V2 — Level-evidence match: Partial. The evidence (causal tracing) is at the causal/behavioral level. The claim (facts are stored in MLPs) is a structural/implementational assertion. There is a gap — causal importance does not establish storage.

V3 — Narrative coherence: Moderate. “MLPs store key-value associations; subjects are keys, facts are values; editing the value changes the fact.” This is a coherent story but may be overly simplified. The narrative works for the edit success cases but not for the ripple-effect failures.

V4 — Alternative exclusion: Weak. The key alternative: MLP layers are where subject entity representations are processed, not where facts are stored. Under this alternative, ROME edits work because they corrupt the entity representation at a processing bottleneck, not because they target fact storage. This alternative explains both the successes and the failures (ripple effects = corrupted entity representation affects all facts about that entity).
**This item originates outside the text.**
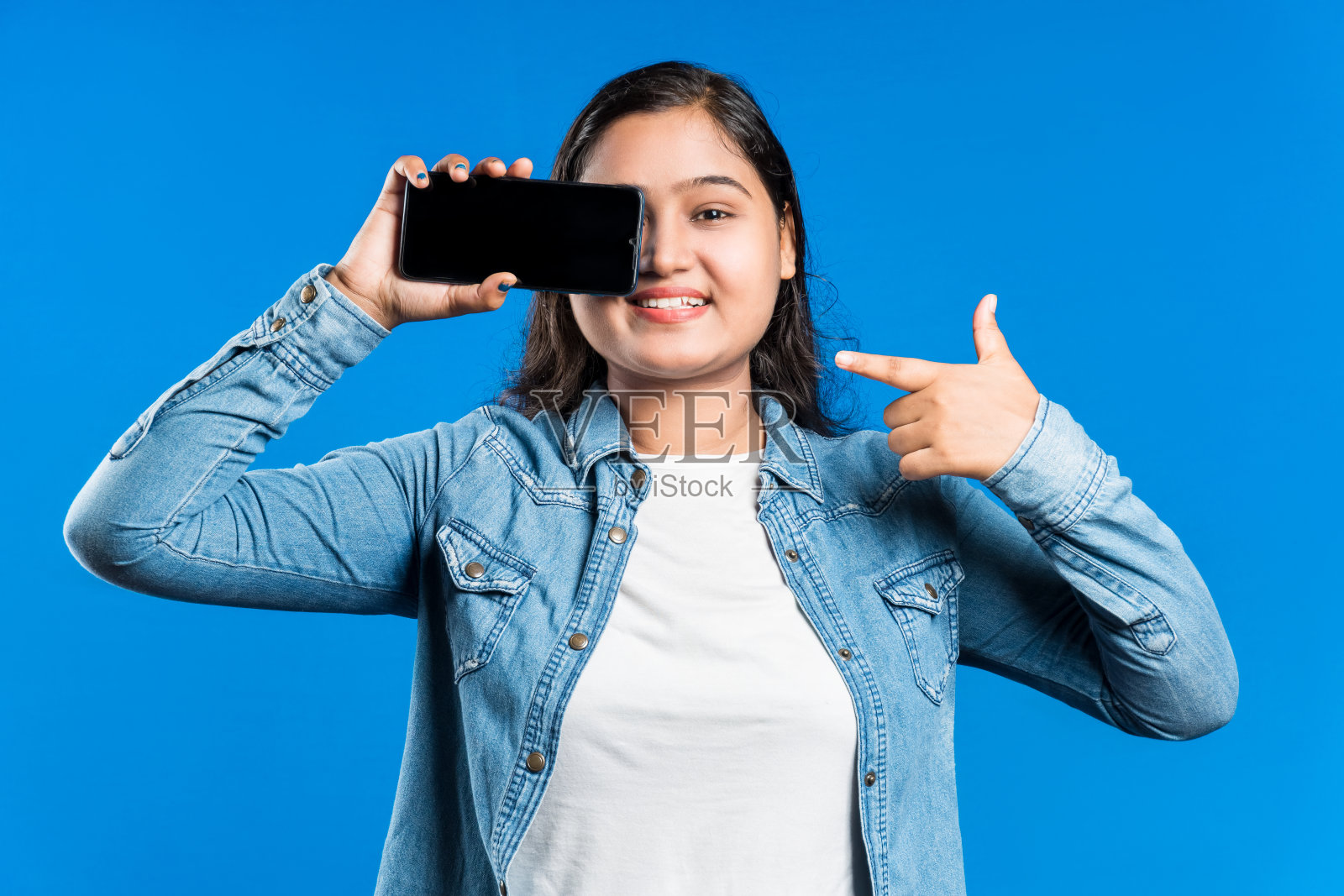 快乐的亚洲女人用智能手机遮住眼睛，用手指指着它照片摄影图片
It has not been excluded.

V5 — Scope honesty: Partial. “Knowledge is localized” is a strong claim. “Causal tracing identifies MLP layers whose corruption disrupts factual recall on template queries” is what is demonstrated. The scope of the evidence is narrower than the scope of the claim.

  • Description vs explanation: “Knowledge neurons store facts” is an explanation. “MLP layers are causally important for factual recall” is a description. The evidence supports the description; the explanation is one of multiple compatible accounts.
  • Faithfulness vs understanding: ROME is faithful in a narrow sense (edits change the target output). But the understanding it implies (localized storage) is contested. High narrow faithfulness with questionable broader understanding.
  • Component identity vs component role: The components (specific MLP layers) are reliably identified by causal tracing. Their role (storage vs. processing bottleneck) is the interpretive dispute. As with the docstring circuit, identity is established but role is contested.
  • Implementational → Interpretation: Partial. Causal tracing identifies specific layers; ROME edits at those layers succeed. But the evidence is implementational in location only — it does not confirm the storage mechanism.
  • Algorithmic → Interpretation: Weak. No algorithm for factual recall is specified. The claim jumps from “this layer matters” to “this layer stores facts” without specifying the retrieval algorithm.
  • Computational → Interpretation: Partial. We know the model performs factual recall. Whether “key-value lookup in MLP” is the right computational description (vs. “distributed association through residual stream”) is unresolved.
NecessitySufficiencyRepresentationalAlgorithmicComputational
Causal tracing (lesion)
ROME edit (stimulation)✓ (narrow)
Probing
Cross-fact comparison
Multi-layer analysisPartial

Necessity and sufficiency are confirmed but only in the causal column. The representational and algorithmic columns — where the “storage” claim lives — are empty. The matrix reveals the level mismatch: the evidence is causal (something breaks/changes), but the claim is structural (facts are stored here).

  • Subject token → MLP layer activation: solid (causal tracing confirms)
  • MLP layer activation → factual output: solid (editing changes output)
  • MLP weights → fact storage: dashed (inferred, not directly demonstrated)
  • Edit at MLP → target change: solid (ROME succeeds)
  • Edit at MLP → related knowledge corruption: solid (ripple effects documented)
  • Alternative: MLP as entity bottleneck → all entity-related facts: dashed (proposed, not causally tested)

The graph has an unusual structure: the solid edges support the intervention working but also document its failures (ripple effects). The critical “storage” edge is dashed — the central interpretive claim has no solid causal support. The alternative explanation (entity bottleneck) is equally compatible with all solid edges.